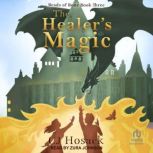 The Healers Magic, C.J. Hosack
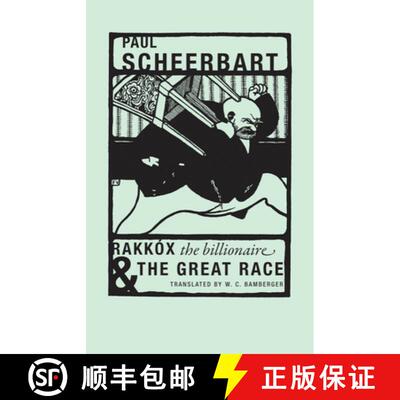 【3-4周达】Rakk�x the Billionaire & the Great Race [9781939663122]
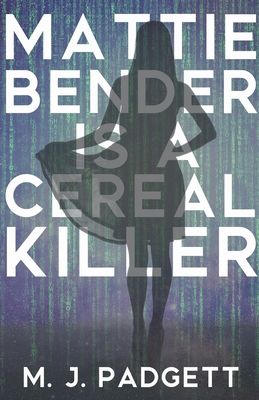 Mattie Bender is a Cereal Killer - Padgett, M J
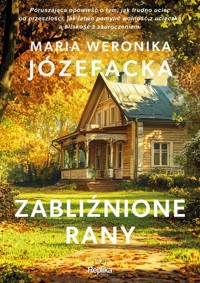 Zabliźnione rany. - Józefacka Maria Weronika - książka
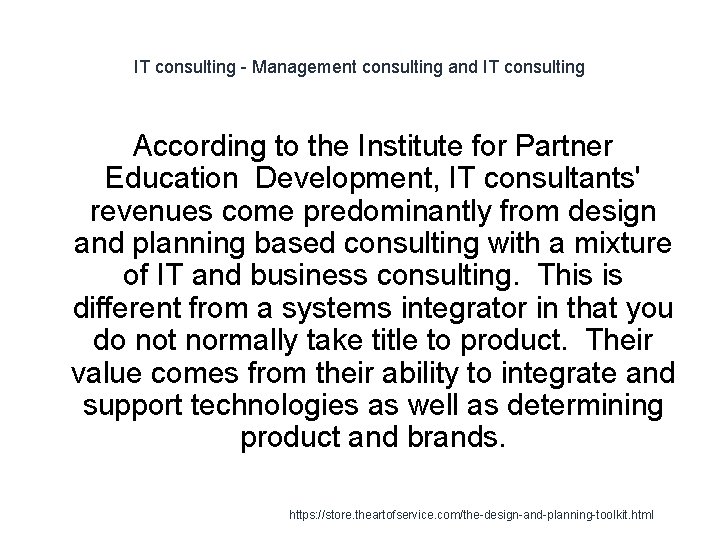 IT consulting - Management consulting and IT consulting According to the Institute for Partner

□ □ □ □

(INSTRUCTIONS FOR THE TASK):
Transcribe the listing exactly; skip the pictures.

(SOLUTION):
 The Healers Magic, C.J. Hosack
 【3-4周达】Rakk�x the Billionaire & the Great Race [9781939663122]
 Mattie Bender is a Cereal Killer - Padgett, M J
 Zabliźnione rany. - Józefacka Maria Weronika - książka
 IT consulting - Management consulting and IT consulting According to the Institute for Partner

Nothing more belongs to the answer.